- _Task instructions_
Reproduce only this range: the line holding "Million Air - Topeka in Topeka, photo 2" through the last line of the data below, both included, exactly, with no pictures.

- _Input data_
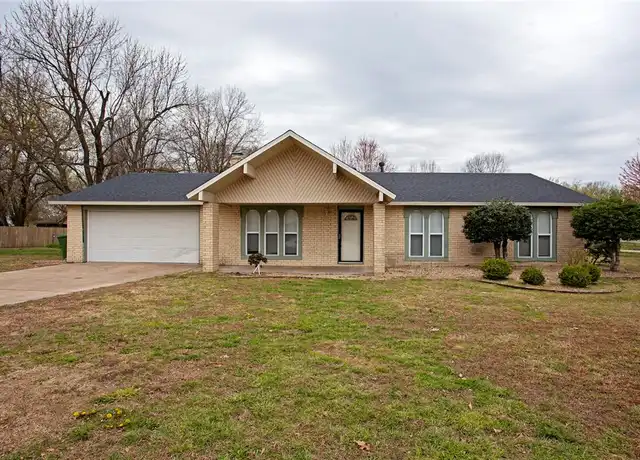 Property at 2726 Highland Cir, Rogers, AR, 72756, 3 beds, 2 baths, [object Object]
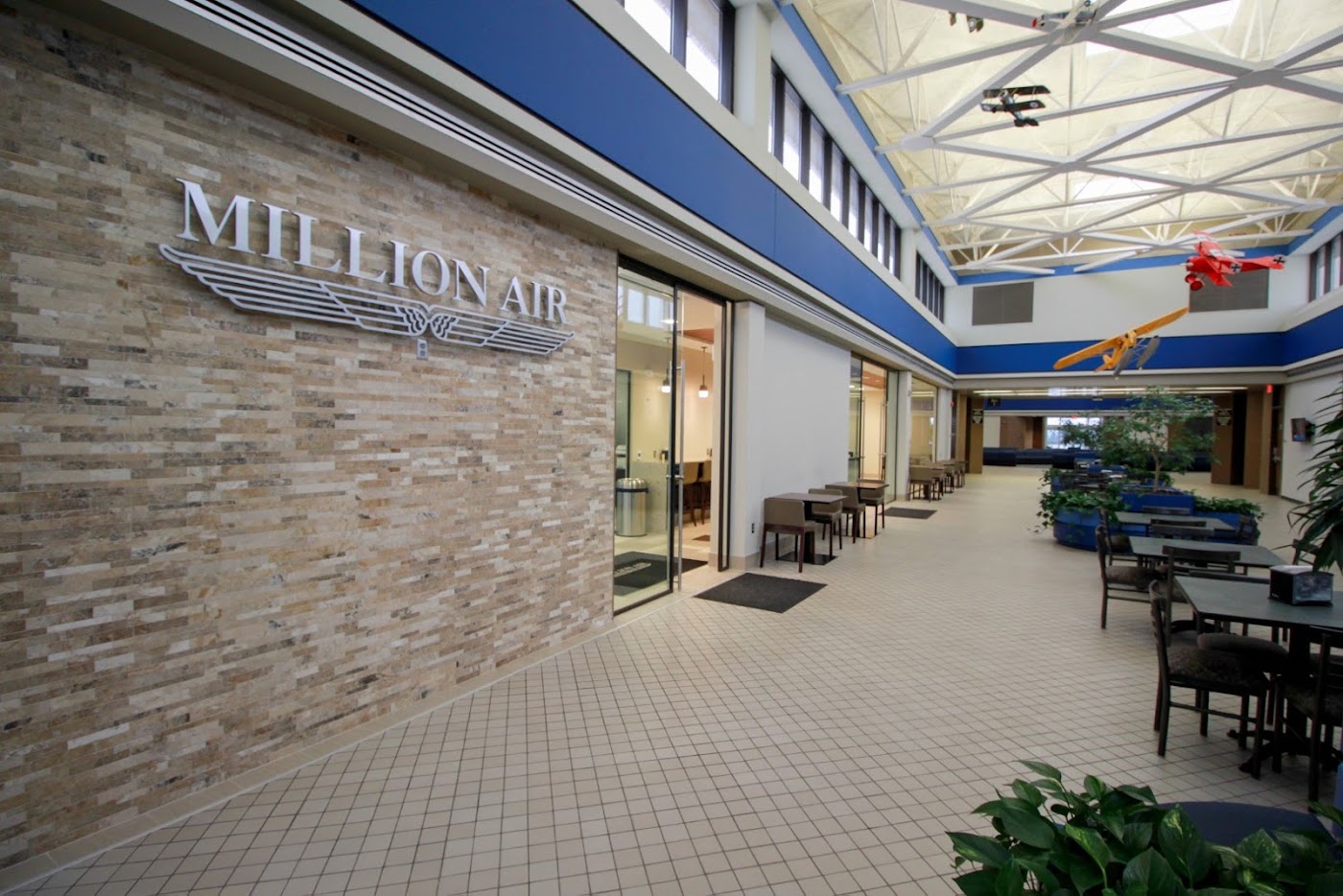 Million Air - Topeka in Topeka, photo 2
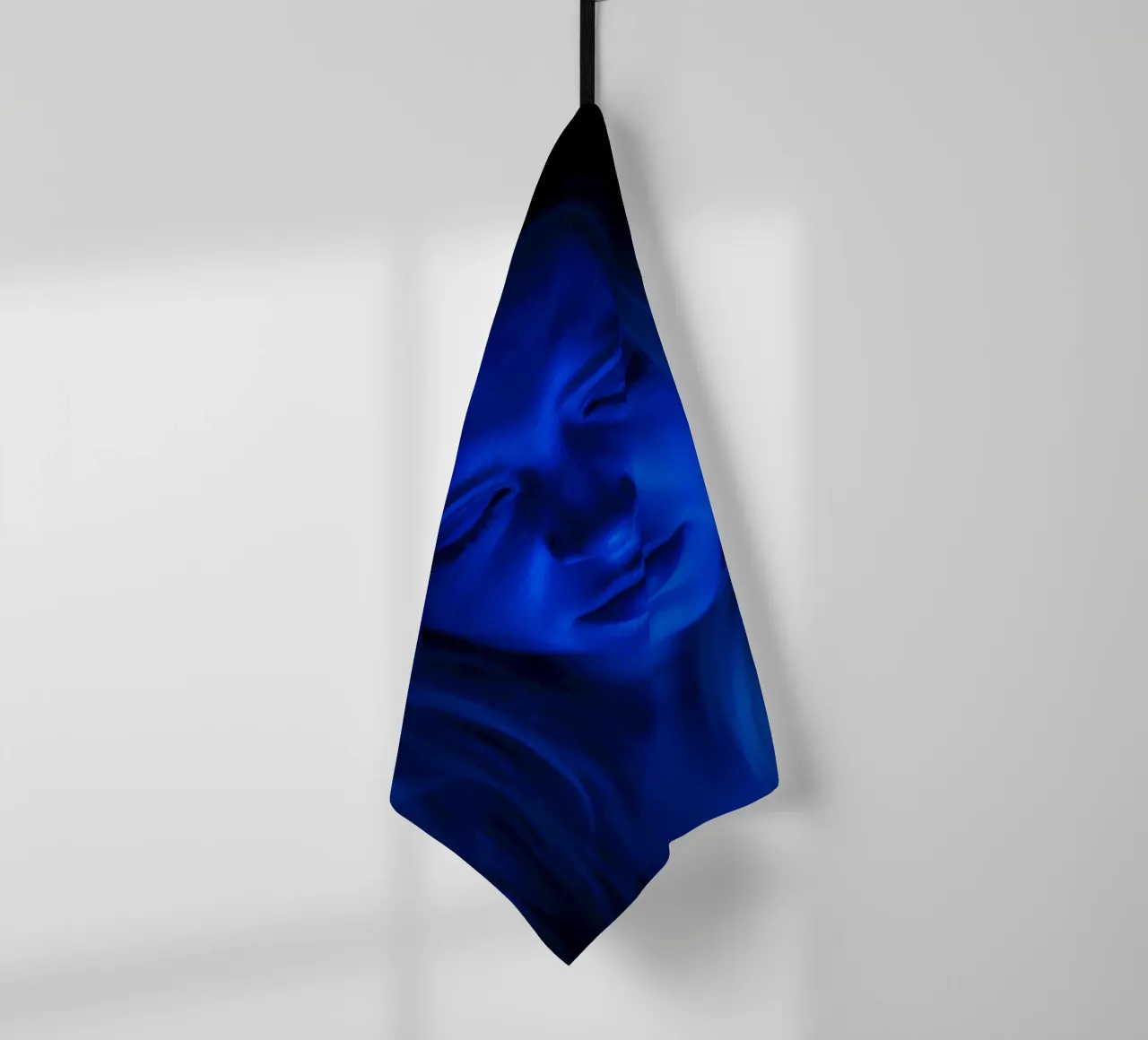 Donna con luce blu incandescente in introspezione in una stanza buia canovaccio da cucina da DesignDoodle
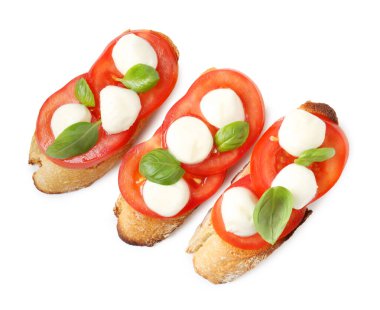Beyaz arka planda mozarella peynirli, domatesli ve fesleğenli lezzetli sandviçler.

- _Result of the task_
 Million Air - Topeka in Topeka, photo 2
 Donna con luce blu incandescente in introspezione in una stanza buia canovaccio da cucina da DesignDoodle
Beyaz arka planda mozarella peynirli, domatesli ve fesleğenli lezzetli sandviçler.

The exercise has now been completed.